Proteção ao fogo de estruturas metálicas


Para aumentar a segurança é necessário que toda edificação conte com materiais que ofereçam maior resistência contra incêndios. A proteção ao fogo de estruturas metálicas visa adequar toda a estrutura. Nesse sentido, os materiais de proteção passiva são tão importantes quanto o projeto estrutural. O intuito é evitar quaisquer danos na edificação, visto que a temperatura crítica do aço pode ser alcançada em casos de incêndio, comprometendo sua integridade.

 

Proteção ao fogo de estruturas metálicas

 A proteção ao fogo de estruturas metálicas exige uma série de materiais, técnicas e práticas.

 

Para aumentar a segurança é necessário que toda edificação conte com materiais que ofereçam maior resistência contra incêndios. A proteção ao fogo de estruturas metálicas visa adequar toda a estrutura.

 

Nesse sentido, os materiais de proteção passiva são tão importantes quanto o projeto estrutural. O intuito é evitar quaisquer danos na edificação, visto que a temperatura crítica do aço pode ser alcançada em casos de incêndio, comprometendo sua integridade. 

 

Leia este artigo até o final e saiba mais sobre o assunto. 

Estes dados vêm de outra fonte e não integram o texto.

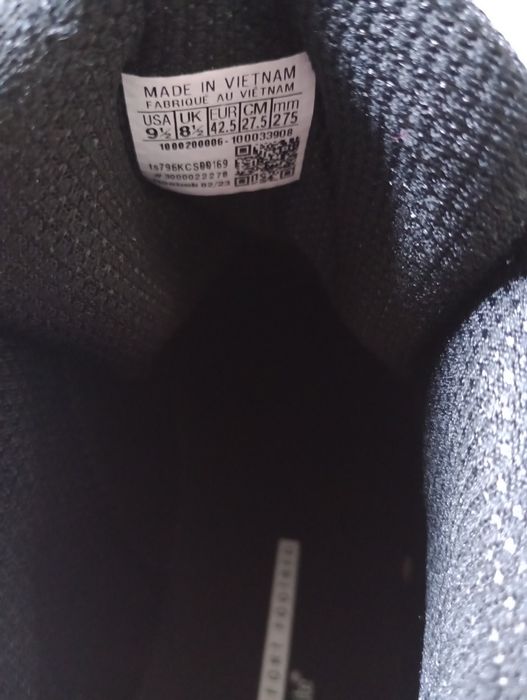 Papuci Reebok noi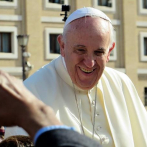 El papa admite a periodista que echa de menos callejear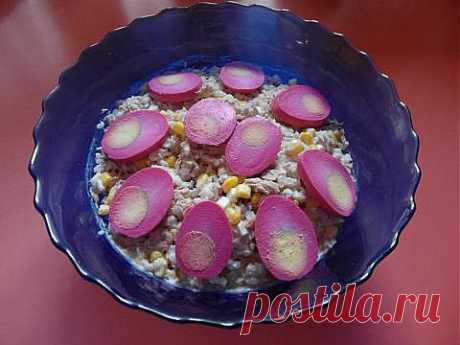 салат с тунцом, кукурузой и рисом | 4vkusa.ru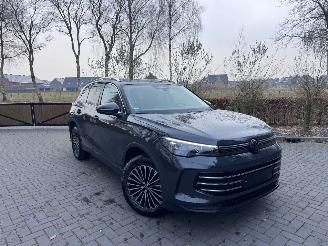 Auto incidentate Volkswagen Tiguan Tiguan 1.5 TSI eHybrid 150 kW Elegance Camera Trekhaak 2025/1
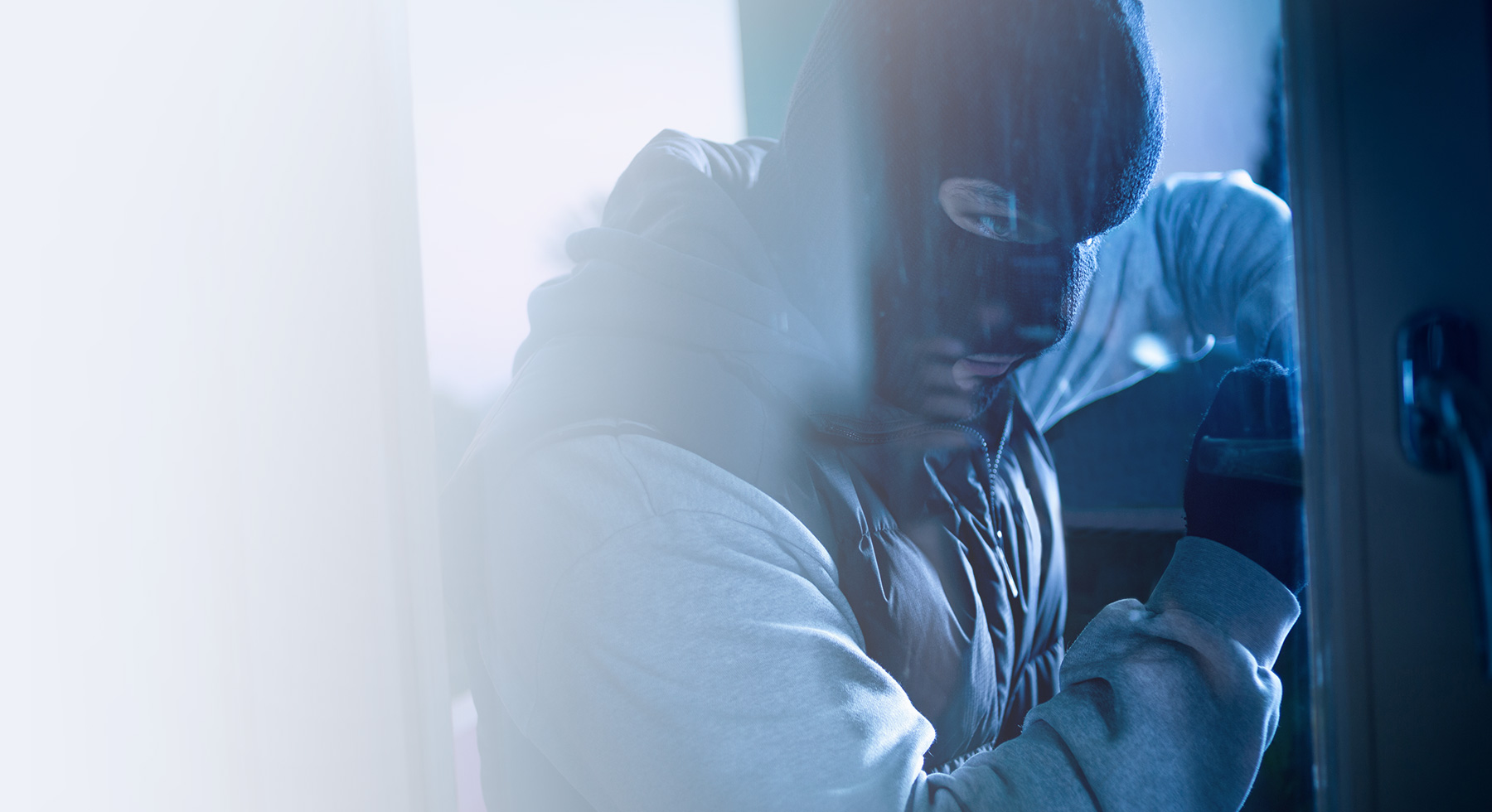 Home intruder breaks into a home with rudimentary tools.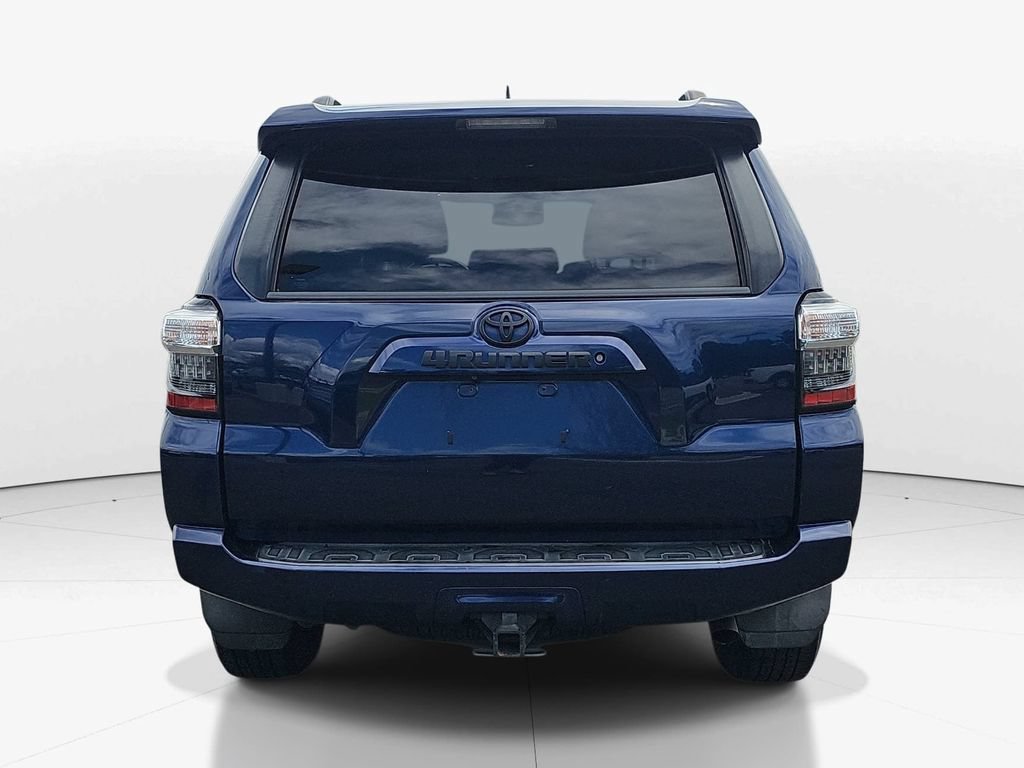 Used 2019 Toyota 4Runner SR5 AWD/4WD image 7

O que é proteção passiva e ativa de incêndio

Quando o tema é a proteção contra incêndios, os sistemas de proteção têm duas frentes: ativa e passiva. 

 

A proteção ativa diz respeito às medidas e equipamentos destinados ao combate imediato após o início do fogo, a fim de evitar a sua propagação. A redução do fogo ocorre de maneira automática ou não, de acordo com os equipamentos disponíveis: extintores, sprinklers, alarmes de incêndio e hidrantes. 

 

Além deles, estão inclusos também rotas de fuga, sinalização, saídas de emergência e iluminação de emergência. 

 

Já a proteção passiva refere-se a estrutura e sistemas de PPCI (Proteção Passiva Contra Incêndio (PPCI) cujo intuito é evitar que o incêndio se propague após iniciado, bem como disponibilizar o tempo necessário para que as pessoas possam evacuar a edificação com segurança ou seja realizado o resgate das vítimas pelo corpo de bombeiros.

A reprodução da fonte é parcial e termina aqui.